A New Approach for Controlling Chaos in Lorenz System

Is there a need for chaos? In order to answer to this important question, first, we should answer to "what chaos is?" Does "chaos" mean anarchy and confusion, or it means "randomness"? In order to answer to the second question, one may briefly consider that "chaos" means "far from the equilibrium." It is true that in a random behavior, we have "far from the equilibrium" phenomenon, but in the chaotic behavior, however, the trajectory goes far from the equilibrium, but it moves in a bounded basin. Therefore, chaos differs from randomness. In order to answer to the first question, we distinguish two states from each other.

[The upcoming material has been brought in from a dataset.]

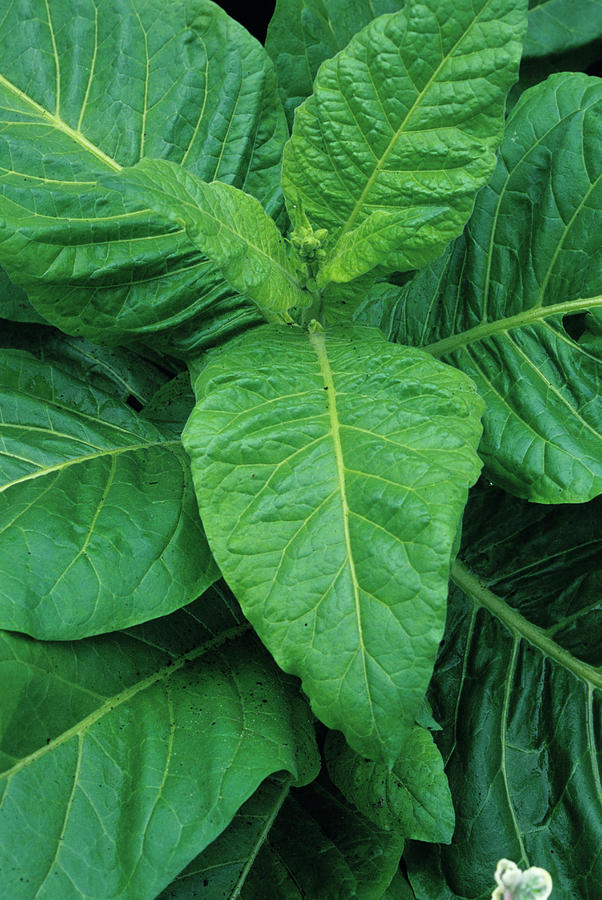 Nature Photograph - South American Tobacco Plant Leaves by Duncan Smith/science Photo Library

Chaos could be dangerous in many states, e.g. for an aircraft in the sky. Therefore, we should control it and return the system from the chaotic mood. But, in some states it is useful. Suppose that we have a periode-2 behavior system. If we intend to change its period, what should we do? One of the best techniques in order to change a system behavior is reaching the system into the chaotic mood for a short time, and then, by controlling chaos which is based on the feedback law, we could return the system into the desired period. Further, the control of chaos is also a way to manipulate the natural systems that are already chaotic. In this paper, we can imagine each mentioned states for chaos. Our goal is the control of a very famous system in the chaotic mood, in order to stabilize it and change its behavior into the desired behavior. We will achieved to this goal using OGY method which is based on the discrete dynamical system concept, and find the stabilized state by a new approach which is based on the generalized Routh-Hurwitz criterion.